◆ **WHAT YOU SHOULD DO**: Exactly the lines below from the line with "And then i realised - AND" through the line with "Top 3 Stile" must make up the answer, both ends included and pictures left out.

** RAW DATA follows **

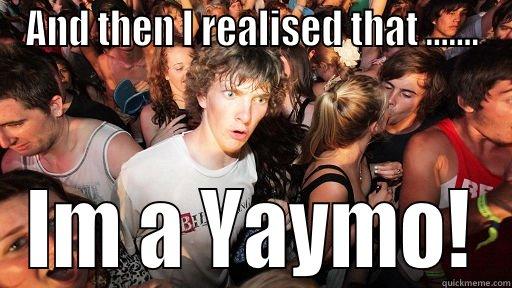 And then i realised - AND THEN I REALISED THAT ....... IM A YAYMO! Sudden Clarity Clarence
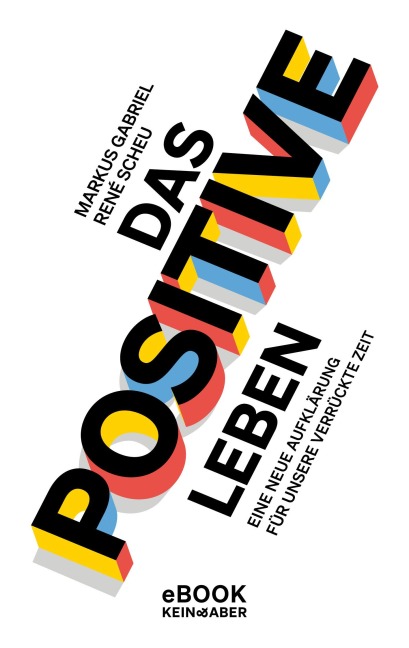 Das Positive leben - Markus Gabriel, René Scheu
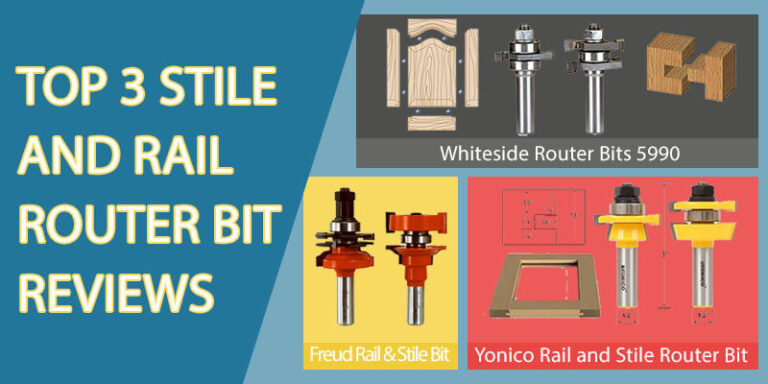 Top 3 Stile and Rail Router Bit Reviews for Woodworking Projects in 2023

** End of RAW DATA **
** RAW DATA follows **

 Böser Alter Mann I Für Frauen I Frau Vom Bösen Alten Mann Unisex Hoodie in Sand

** End of RAW DATA **

◆ **ANSWER FOR THIS EXERCISE**:
 And then i realised - AND THEN I REALISED THAT ....... IM A YAYMO! Sudden Clarity Clarence
 Das Positive leben - Markus Gabriel, René Scheu
 Top 3 Stile and Rail Router Bit Reviews for Woodworking Projects in 2023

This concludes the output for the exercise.